The U.S. Department of State’s Bureau of Democracy, Human Rights and Labor, according to the announcement, has committed 700,000 USD (approximately 200 million HUF) to “fund rural media outlets in Hungary to help train and equip journalists in defense of an independent media.” The program, “Supporting Objective Media in Hungary,” offers technical and financial assistance, increased local and international exposure, small grants and other tools.

“Astonishing and quite unusual,” said Minister of Foreign Affairs and Trade Péter Szijjártó, who summoned the US chargé d’affaires following the announcement. “What’s this, if not interference in the election campaign and in Hungary’s internal political processes? Which Washington office can judge the applications of media organizations from a Hungarian county and what kind of balanced service they would like to offer?” the minister asked.

Astonishing indeed and disappointing coming from an ally. Here we have the US government tapping its own, precious public funds to invest in the media of an allied democratic state for the express objective of defending independent media. In what other allied country, the foreign minister reportedly asked the US chargé d’affaires, is the US government funding similar activities? It’s so odd and, frankly, lacks any reasonable goals.

Others would quickly point out that, beyond the clear interference in the domestic affairs of ally, the media in the US has its own issues. Criticisms related to concentration of media ownership, commercial relationships and mainstream media bias – Harvey Weinstein, anyone? -- are now the stuff of everyday in the US. Put that aside and, more to the immediate point, consider what the US Department of Justice just did with Russian-affiliated media.

Two Russian-owned media entities, RT and Sputnik, were told that they would have to register under the Foreign Agents Registration Act, one of the strictest regulations that any NATO state imposes upon foreign entities mixing in domestic issues. The US government deemed that the media outlets are tied to the Russian government so they should register as foreign agents.

The timing of the State Department’s announcement is also a little unfortunate. Transparency International – a George Soros-funded NGO – also recently announced a training program for journalists with funding worth about half of what the State Department has committed. The mentors of the program are from media outlets that Soros-affiliated organizations have already invested in or are related to opposition parties. There’s clearly a political flavor to the Soros-funded Transparency International media program.

It was the second time in about a month that the chargé d’affaires, David Kostelancik, was summoned to the foreign ministry. Last month, he got a call following his public statements expressing concerns about independent media, remarks he delivered seated next to an emblematic figure of journalism under the communist era in Hungary in the headquarters of a journalist association closely affiliated with the former communist apparatus. To make it all more absurd, a director of a Hungarian television channel that enjoys the largest audience share in the country (and is not considered pro-government by any means) fundamentally contradicted the chargé’s points in an interview published that same week.
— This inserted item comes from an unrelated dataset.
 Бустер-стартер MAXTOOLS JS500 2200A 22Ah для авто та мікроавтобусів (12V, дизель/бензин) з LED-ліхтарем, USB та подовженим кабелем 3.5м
We could have a conversation about the lively media landscape in Hungary, about the orientation of the largest TV channel, the largest online news sites, the largest newspapers and the balance of radio stations and weeklies. We could have that conversation – and the stubborn facts would probably be a little inconvenient for some at the State Department – but what’s at issue here is more fundamental, it’s the questions that Minister Szijjártó asked:

“What’s this, if not interference in the election campaign and in Hungary’s internal political processes?”